So, as I approached the 8 year anniversary of my writing blog, I did so with trepidation. This has been a prolific year so far, in terms of writing (I try and write creatively every weekend now). I had atleast ten things in the Submittable queue. The most I have ever had in my entire life! Two rejections came by. Then, an acceptance (of a poem) in a magazine I had been trying to break into for years. But no fiction; nothing fiction yet. I began to wonder about my credentials as a writer. Maybe, my writing was just not good enough. (I want to add here that these are self-destructive thoughts that many writers have in personal low moments, and indicates nothing of the writing itself).

Three days before the anniversary day hit, I got an email. One of my queer short stories had made it into the Honourable Mentions list in a fiction contest.

*

“Toklas to your Stein” (which in retrospect is a pretentious short story name) was the first story I wrote this year. It came to me in fragments. It came to me in bursts of frustration. It came to me and didn’t reveal its purpose till the very end. It also took me a whole month to write. Weeks of agonizing over a story that seemed to make absolutely no sense to me. The sections were haphazard, at best. At worst, it was an experiment in what I thought to be avant garde.

I wanted to submit a story for a contest, and I submitted this one (it’s all I had at the time of the deadline). The judges were none other than the esteemed Cherie Dimaline and Ayelet Tsabari. I felt a little ashamed because it was a story I didn’t really believe in. The style seemed off, and unlike anything I had ever written. And then I indulged in a terrible habit that I have: continued editing even after submission, all the while berating myself for submitting what I considered to be a “lesser” version.

When the contest version actually made it to the honorable mentions list, I was a bit shocked. I expected a rejection. Really, that would have been okay. The email that morning from Humber Literary Review made me feel numb. I wondered in my half asleep state if I was still dreaming. And, because I wanted so very badly to be seen (as a writer of fiction), this was the logical conclusion of my nightmares.

*

Imposter syndrome is real. It is far more real when you are a queer woman of colour writer, without the backing of an MFA, struggling to make sense of the worlds in your head, and the worlds you manage to put down on paper. And because the world of writing is so tiny, there is constant pressure of wanting to be seen, and not being seen, while everyone else seems to be far more visible.

Sometimes, what this writer needs is a boost. An acknowledgement. A head nod of sorts. It doesn’t matter where she stands at the moment, and how much she has achieved, it never seems to be enough (because on most days, it isn’t). On most days, she is invisible any way. On most days, the world is a shit hole, and she is just trying to exist. But there are days when she wants to be seen.

There are days when I do.

*

Canisia Lubrin once told me contests are not measures of success. I know. I agree. Same goes for publications, or even visibility in general. Most times, it’s really about who you know, and how much cultural capital that person holds, and how much of that capital they are willing to share with you.

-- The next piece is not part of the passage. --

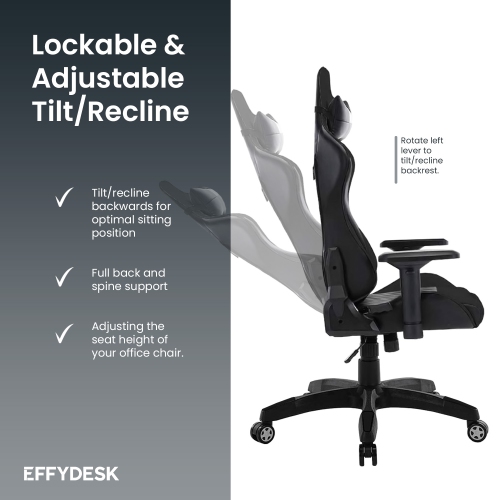 GamingChair Pro+ Home Office Ergonomic High Back Gaming Chair - PU Leather Coated with Height Adjustment - Headrest and Lumbar Custion Included -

I am grateful however to Cherie Dimaline and Ayelet Tsabari – writers I admire and haven’t yet had the good fortune to talk to in person – for seeing something in my story.

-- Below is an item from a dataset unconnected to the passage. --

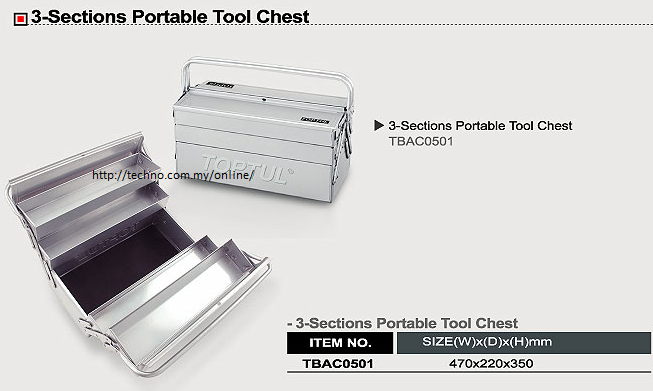 3-Sections Portable Tool Chest (TBAC0501) - Click Image to Close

Screenshot_2018-04-20-23-29-06

TFW

Happy 8 years to the blog! My story, “Toklas to your Stein,” along with five other stories from Humber Literary Review’s Emerging Writers Fiction contest (winners and other honorable mentions) will be in the June (print) issue of the magazine.

UPDATE April 29th 2018: I received a Lambda Literary Fellowship in Fiction this year. It will allow me to work on my fiction manuscript with Chinelo Okparanta in LA this August. Eight must really be my number!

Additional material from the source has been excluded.